Granted, industry motives may not be based on an altruistic wish to preserve Our Living Planet.
“Public awareness has increased a lot in the past few years. (The public is) demanding a lot more from operators,” said Kathy Preston, division manager for air quality at Jacques Whitford Environment Limited.
Translation: When sales are threatened by a negative public perception, even dinosaurs start scrambling to get with the program.
Nevertheless, Preston assigns good marks to the industry for the strength of its response to public concerns about sour-gas emissions, to cite one example.
“The corporate response has been huge over the past five years, and has accelerated during the past two,” said Preston, a rising star at a company which has doubled its Calgary-based consulting staff in the past 18 months to a total of about 90.
“And most of my clients had already reached a fairly high consciousness level on environmental issues by the time I started working with them,” she said.
Some of those clients are in limbo, waiting for the Energy and Utilities Board to finalize rewritten guidelines for sour-gas operators, with emphasis on health and safety, risk assessment and emergency response plans.
The EUB is acting in response to December, 2000, recommendations from the provincial advisory committee on public safety and sour gas.
In its turn, the advisory committee was created in response to public worries that sour gas may pose a threat to children and other living things.
Ergo, business is brisk for sharp young environmentalists such as Preston, a chemical engineer from Queens whose PhD thesis explored the effects of nitrogen dioxide on ozone.
Headquartered in Dartmouth, N.S, Jacques Whitford is a 30-year-old company that started as a group of geotechnical engineering consultants targeting the offshore oil and gas industry.
A decade ago, the company expanded into Calgary, employees concentrate primarily on air-quality management, environmental management systems and site assessment. Not all southern Alberta’s pollution is airborne.
Once in a while a Calgary residential district – remember Lynnwood Ridge? – discovers to its horror that it was built on land once occupied by an abandoned oil refinery or wellsite.
Or a firm learns that the foundation of its light industrial/office complex has been placed atop tonnes of garbage, which accumulated over long years in a forgotten landfill.
Concerned community associations, fearful of plunging property values, approach environmental consultants to arrange testing and subsequent clean-up.

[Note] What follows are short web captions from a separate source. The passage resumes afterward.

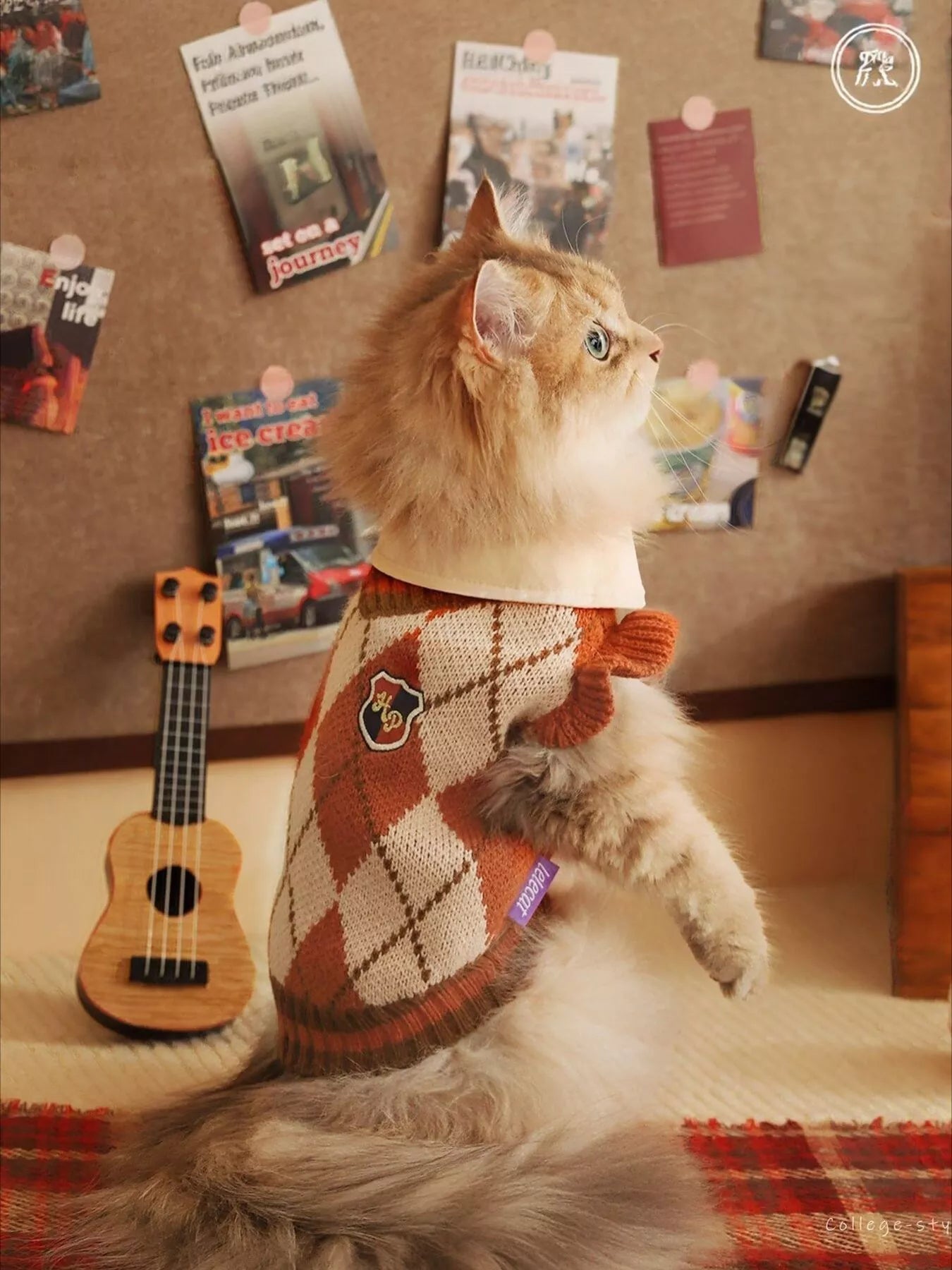 Argyle Pattern Pet Sweater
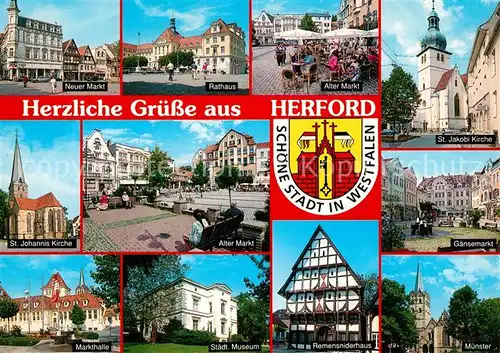 AK / Ansichtskarte Herford Markt Rathaus Kirche Gaensemarkt Markthalle Museum Remensniderhas Muenster Wappen Herford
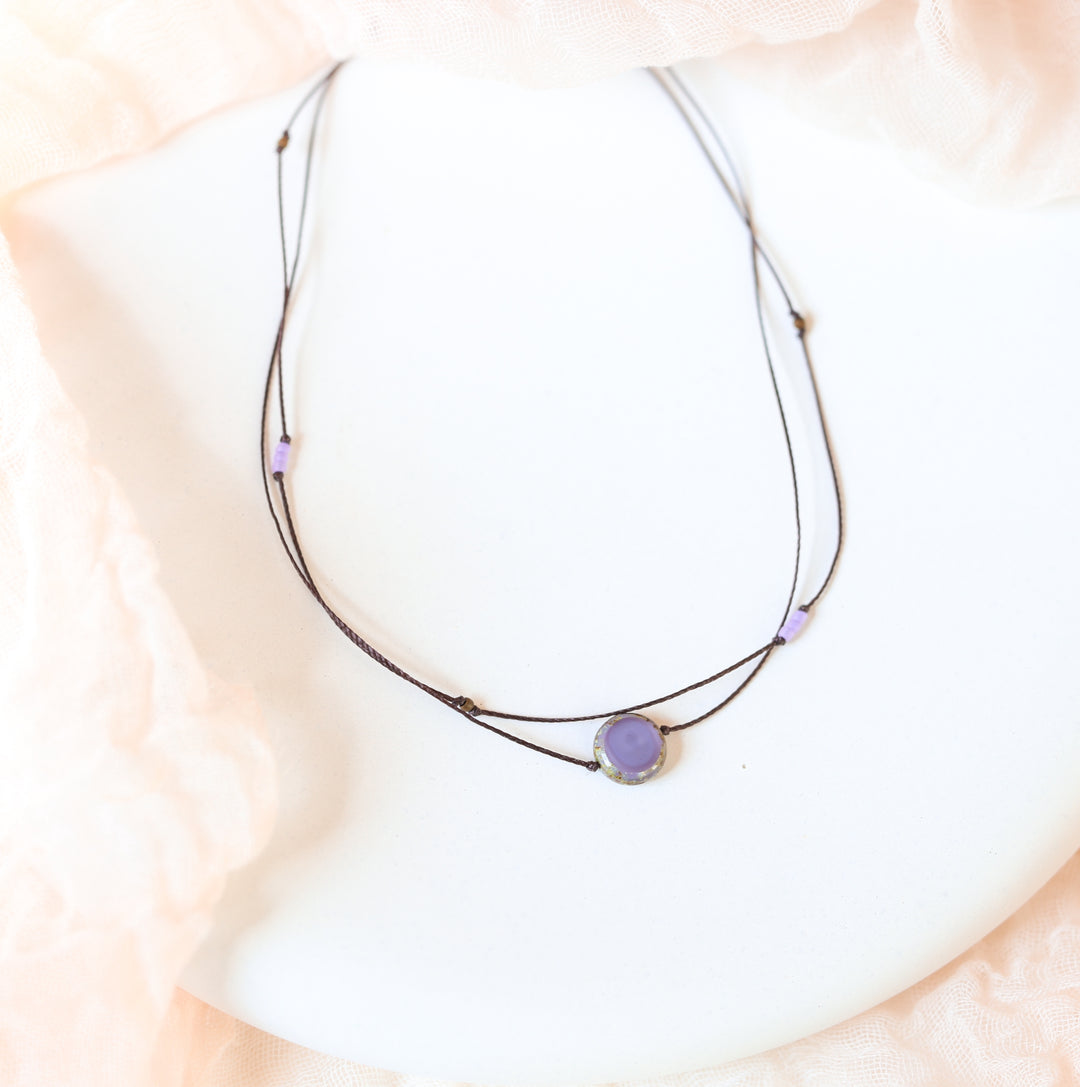 CAROLINA Hippie Purple Coin Layered Choker Necklace
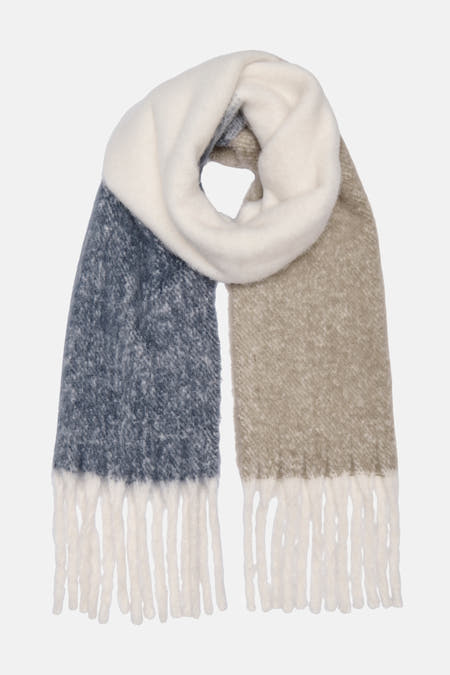 Écharpe d'hiver multicolore ONLY ONLY avec un design design bloc de couleurs et des franges.
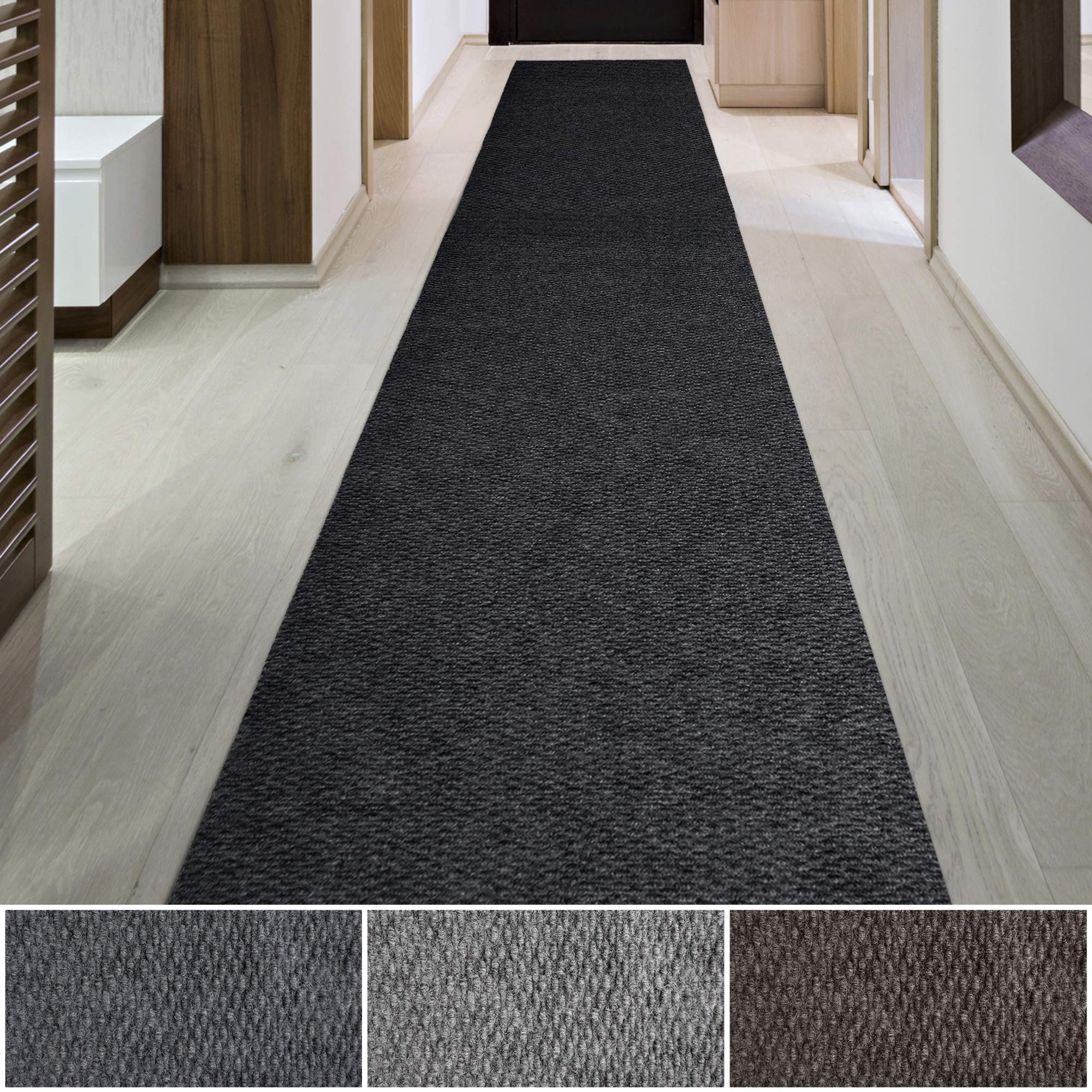 iCustomRug Spartan Weather Warrior Heavy Duty Indoor/Outdoor Utility Textured Runner, Non-Slip Rubber Backing 4 x 74 Black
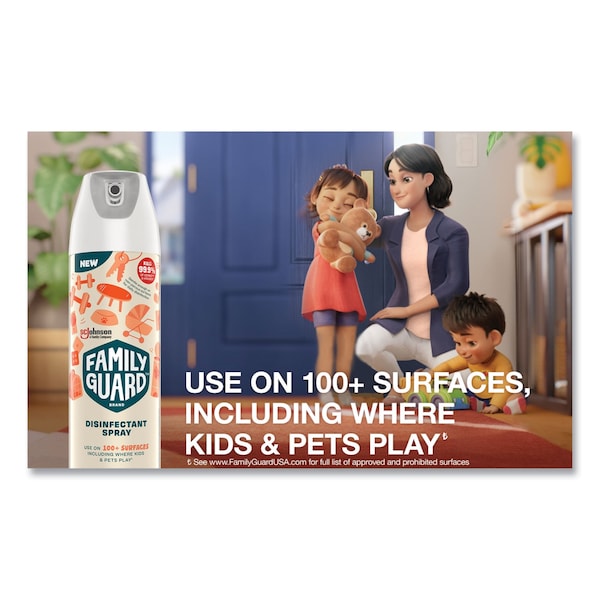 Family Guard Spray Desinfectante, Aroma Cítrico, Aerosol de 17.5 oz, Paquete de 8 - 327151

The idea is to alert municipal authorities and Alberta Environment and then get the job done as quickly and quietly as possible. No reporters, please.
“We’re not hiding anything,” stressed Garry Chan, Jacques Whitford’s business development manager.
“But the city has been developed over time. Some communities discover areas which have been filled in with waste material,” Chan continued.
“That was acceptable in the past. It’s not acceptable now. What we have to do is deal with it, find a solution that’s amenable to all.”
Always quick on the uptake, the developers figured out that it’s preferable to test for contamination BEFORE getting ready to build.
Sometimes, that’s a painful experience. A developer might pay a $10,000 consultation fee to be told the property requires a $100,000 cleanup.
It’s fascinating to contemplate how the money markets have learned – from harsh experience – to serve as their own environmental watchdog.
Before financing a land development project, banks now demand to see an environmental review of the real estate.
That’s because some got badly burned in the past.
“In the old days, a few lenders did foreclosures, then found the site to be contaminated,” Chan explained. “It actually cost them more to clean it up than the property was worth. Now they do their due diligence.”
So say a prayer of gratitude for your friendly neighbourhood bankers – guarding Our Living Planet, while they protect their own backsides.